Chapitre 3- Suite N

Chapitre 3 "Le prix de la chair"

Dans le secteur du onzième régiment aussi, la détente était à son comble. Une fosse à feu gigantesque avait été creusée, et des odeurs appétissantes s’élevaient des grilles jetées dessus.

Et un poivron grillé pour not’ toubib, un ! chantonna un cuistot écarlate en tendant vers Aldanor une broche au bout de laquelle grésillait un beau poivron rouge.

-Merci, Psito.

-Et une saucisse ? J’ai des belles saucisses sur le feu, si ça vous dit ?

-Moi zossi, j’ai un feu bien chaud… fit alors une des filles officielles du camp, dûment identifiées, examinées et encadrées par l’administration militaire pour la sûreté du plaisir des soldats.

Pouffiasse, silence ! On parle pas comme ça d’vant Dame Markan ! Casse toi !  gronda l’une des sergents à la ribaude goguenarde. S’cusez, Doc, ces catins, elles sont…

-Elles gagnent leurs vies, sergente Cenei. Honnêtement, d’ailleurs. Il en faut plus pour me choquer, croyez-moi.

-Du coup, vous êtes pas offensée si je… ?  tenta un autre soldat qui se tenait près du feu.

Aldanor éclata de rire. L’homme se leva en hâte, partit après la belle qui s’éloignait en se trémoussant et, tout en l’enlaçant, il l’entraîna entre deux tentes à l’écart du chemin.

-Comment tu t’appelles ?

-Comme tu veux.

Elle se pressa contre lui avec un sourire enjôleur.

-Dis moi ton nom, allez. Il embrassa le bout de son nez. J’aime bien savoir.

-T’es un espion du divin, ou quoi ? J’m’appelle Invavi, tu veux savoir quoi d’autre ? 

La donzelle se faisait plus câline encore, peu soucieuse de la conversation.

-Mmmh…T’es d’où ?

-Bregthal.

-J’connais pas… Ouah, toi tu t’y connais par contre ! 

Décidée à ne pas perdre de temps, la jolie fille avait déjà commencé son ouvrage.

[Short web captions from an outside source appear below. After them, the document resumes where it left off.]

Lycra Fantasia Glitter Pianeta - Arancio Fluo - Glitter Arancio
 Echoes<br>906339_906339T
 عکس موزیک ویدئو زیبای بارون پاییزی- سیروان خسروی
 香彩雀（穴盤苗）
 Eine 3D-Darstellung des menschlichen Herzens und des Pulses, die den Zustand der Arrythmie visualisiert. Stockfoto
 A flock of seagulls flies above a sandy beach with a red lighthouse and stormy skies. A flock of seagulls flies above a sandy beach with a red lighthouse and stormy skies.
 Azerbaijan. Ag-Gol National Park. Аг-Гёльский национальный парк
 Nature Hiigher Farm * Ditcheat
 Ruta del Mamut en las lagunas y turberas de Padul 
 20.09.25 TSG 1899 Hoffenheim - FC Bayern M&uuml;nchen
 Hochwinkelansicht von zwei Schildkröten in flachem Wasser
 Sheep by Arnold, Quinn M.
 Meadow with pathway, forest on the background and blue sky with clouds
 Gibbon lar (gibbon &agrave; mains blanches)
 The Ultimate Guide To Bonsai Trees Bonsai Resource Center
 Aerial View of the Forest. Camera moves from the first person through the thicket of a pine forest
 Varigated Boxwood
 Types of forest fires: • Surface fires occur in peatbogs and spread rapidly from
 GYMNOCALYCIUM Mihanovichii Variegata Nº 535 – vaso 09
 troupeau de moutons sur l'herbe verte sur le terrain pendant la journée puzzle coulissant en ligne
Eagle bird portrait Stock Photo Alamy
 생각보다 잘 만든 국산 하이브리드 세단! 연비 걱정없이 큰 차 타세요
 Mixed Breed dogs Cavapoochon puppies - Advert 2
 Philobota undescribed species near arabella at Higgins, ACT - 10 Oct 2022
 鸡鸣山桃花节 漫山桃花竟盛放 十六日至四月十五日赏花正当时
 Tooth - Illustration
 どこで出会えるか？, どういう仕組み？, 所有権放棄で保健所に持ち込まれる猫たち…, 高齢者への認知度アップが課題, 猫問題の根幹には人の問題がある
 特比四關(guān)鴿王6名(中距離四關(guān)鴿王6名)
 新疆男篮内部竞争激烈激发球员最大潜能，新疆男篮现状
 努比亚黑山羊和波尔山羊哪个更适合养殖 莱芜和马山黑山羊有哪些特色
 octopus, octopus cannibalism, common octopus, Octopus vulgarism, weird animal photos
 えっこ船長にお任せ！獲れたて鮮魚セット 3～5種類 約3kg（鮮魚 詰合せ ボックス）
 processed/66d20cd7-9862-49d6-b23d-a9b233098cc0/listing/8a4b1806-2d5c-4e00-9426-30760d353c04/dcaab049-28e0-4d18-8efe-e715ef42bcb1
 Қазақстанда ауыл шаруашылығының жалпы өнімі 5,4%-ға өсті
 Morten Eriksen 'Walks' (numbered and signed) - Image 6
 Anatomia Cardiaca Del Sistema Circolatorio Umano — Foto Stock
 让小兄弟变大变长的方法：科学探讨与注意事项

-C’est dans quelle province?

-T’es sûr tu veux faire de la jographie là tout d’suite ?

-Ouais, nan.

Il embrassa goulûment Invavi, en se laissant entraîner. Elle fut assez surprise de la douceur et de la gentillesse dont il fit preuve, mais n’en montra rien, et réclama âprement son paiement sitôt l’affaire terminée.

Piteux, il tira une pièce de bronze de sa poche et la lui tendit d’un air contrit. Elle l’empocha avec vivacité, se releva et s’éloigna sans plus le regarder. Lui poussa un soupir, se rajusta, s’étira, et rejoignit le reste de son groupe près du feu. Il avait à peine rempli une chope de bière qu’elle revenait d’un pas hargneux pour lui lancer violemment la pièce en travers du visage.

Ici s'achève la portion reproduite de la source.